WHAT TO WORK ON - Pictures stay out of the copy. Retype exactly the lines below from the one with "AI Generative Texture" through the one with "70L-ODC5R by Grayhill".

INPUT MATERIAL -
==*==

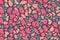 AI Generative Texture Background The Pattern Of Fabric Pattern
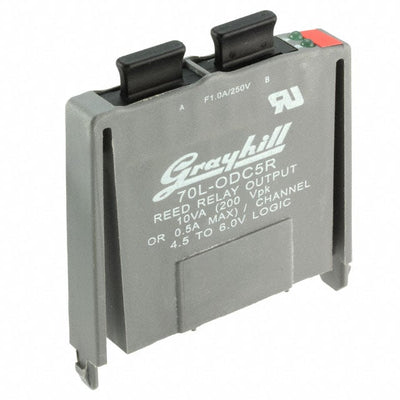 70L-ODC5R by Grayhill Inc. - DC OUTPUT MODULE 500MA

==*==

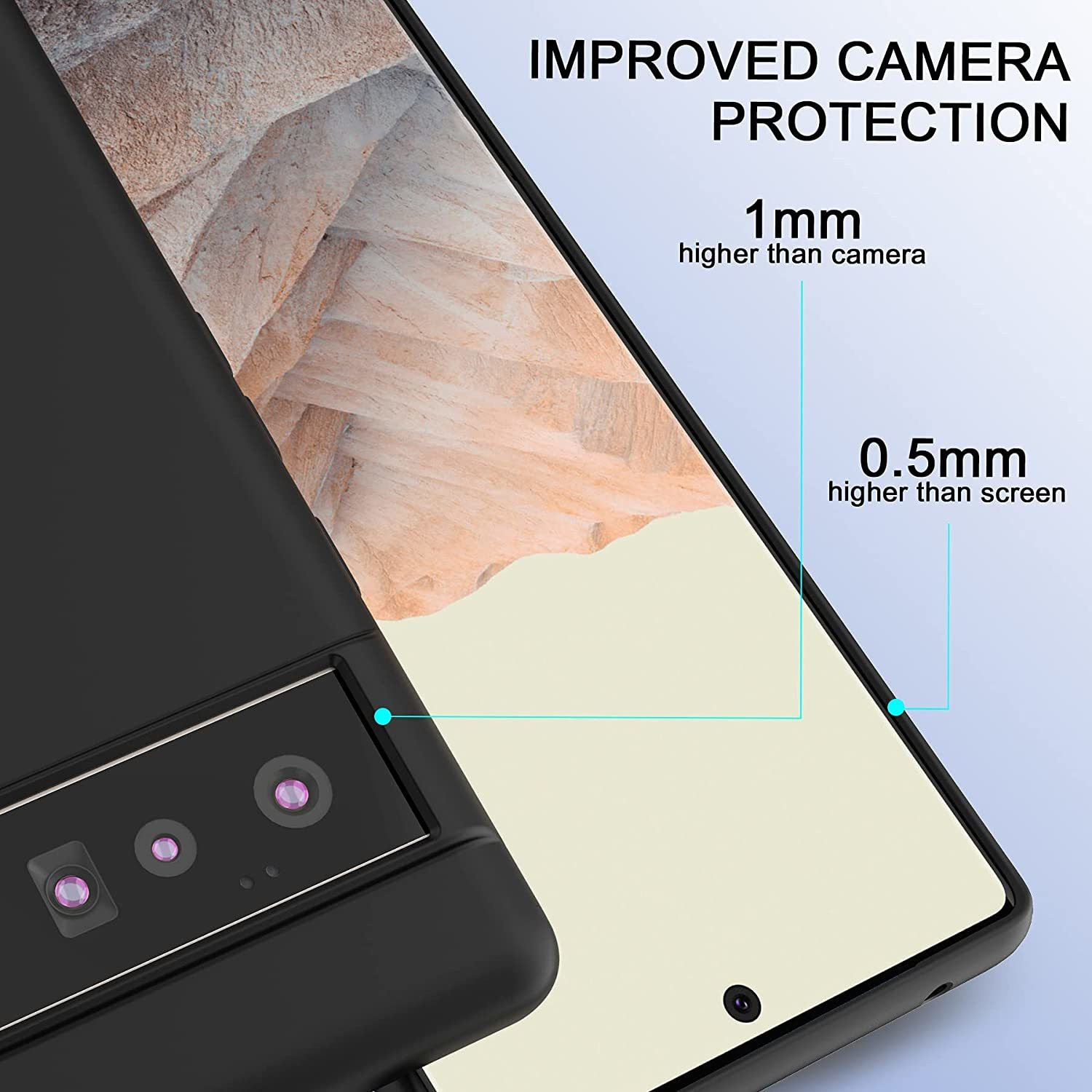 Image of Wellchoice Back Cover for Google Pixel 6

==*==

ANSWER FOR THE TASK -
 AI Generative Texture Background The Pattern Of Fabric Pattern
 70L-ODC5R by Grayhill Inc. - DC OUTPUT MODULE 500MA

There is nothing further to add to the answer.